— YOUR ASSIGNMENT —
The goal is a clean copy of all the data below, with pictures dropped and everything else retyped exactly.

— DATA SEGMENT —

====================

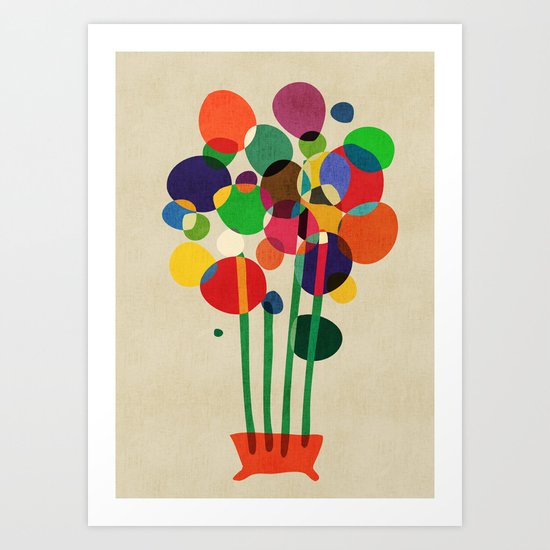 Happy flowers in the vase Art Print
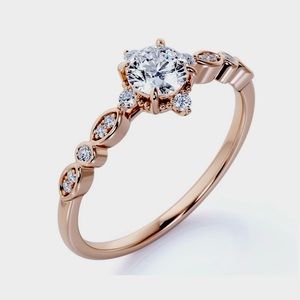 1.25 Carat Round Near colorless Moissanite Engagement Ring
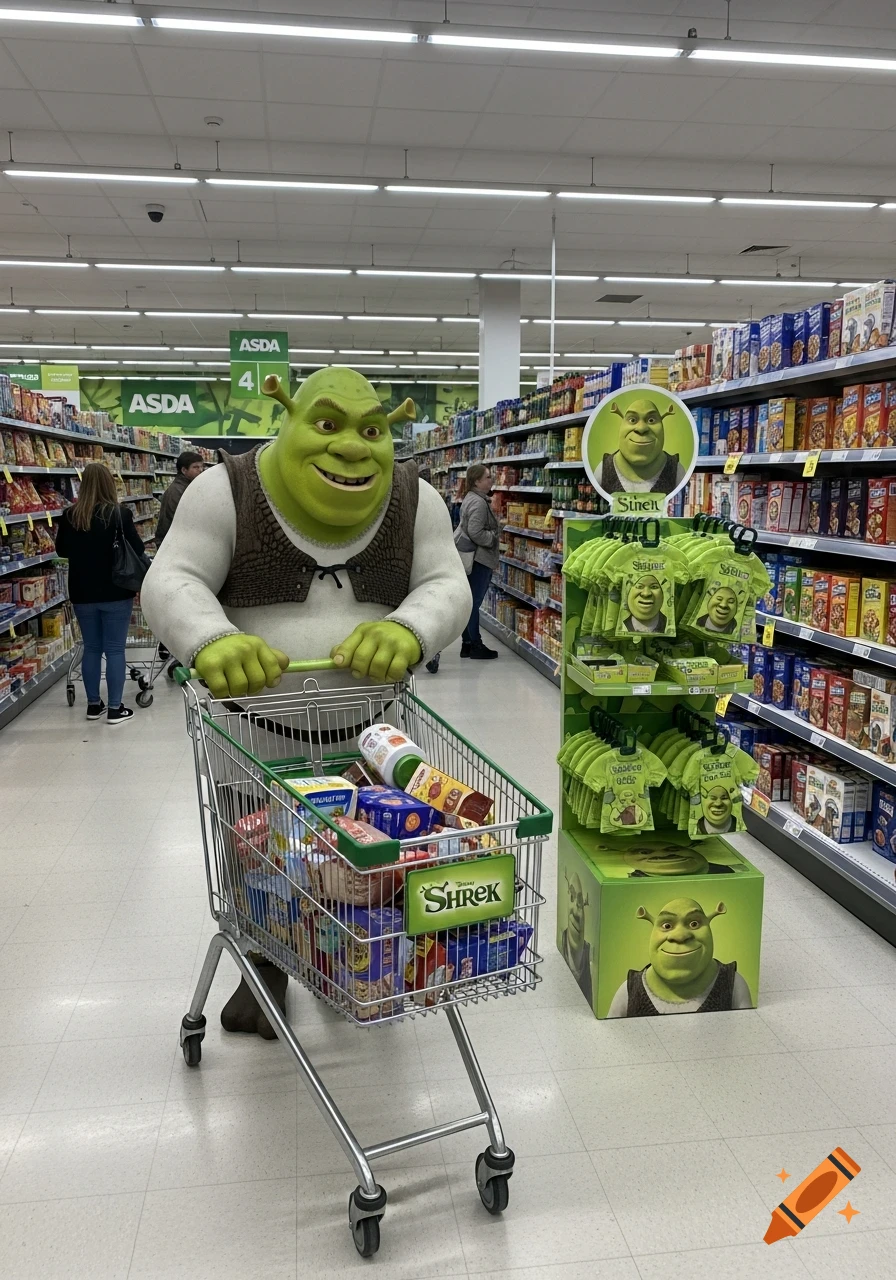 Shrek pushes a full shopping cart down a supermarket aisle, passing a display of Shrek merchandise.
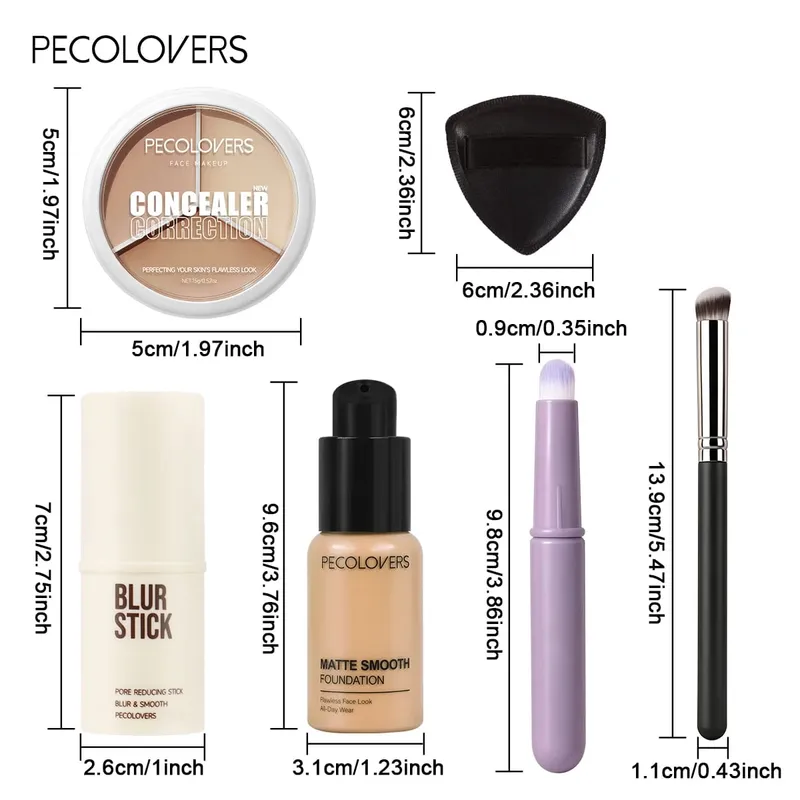 6PCS/SET All-in-One Face Base Kit Meminimumkan Liang Primer Stick 3-Warna Palet Concealer Dengan Berus Foundation Bebas Minyak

====================

— WRITTEN ANSWER —
 Happy flowers in the vase Art Print
 1.25 Carat Round Near colorless Moissanite Engagement Ring
 Shrek pushes a full shopping cart down a supermarket aisle, passing a display of Shrek merchandise.
 6PCS/SET All-in-One Face Base Kit Meminimumkan Liang Primer Stick 3-Warna Palet Concealer Dengan Berus Foundation Bebas Minyak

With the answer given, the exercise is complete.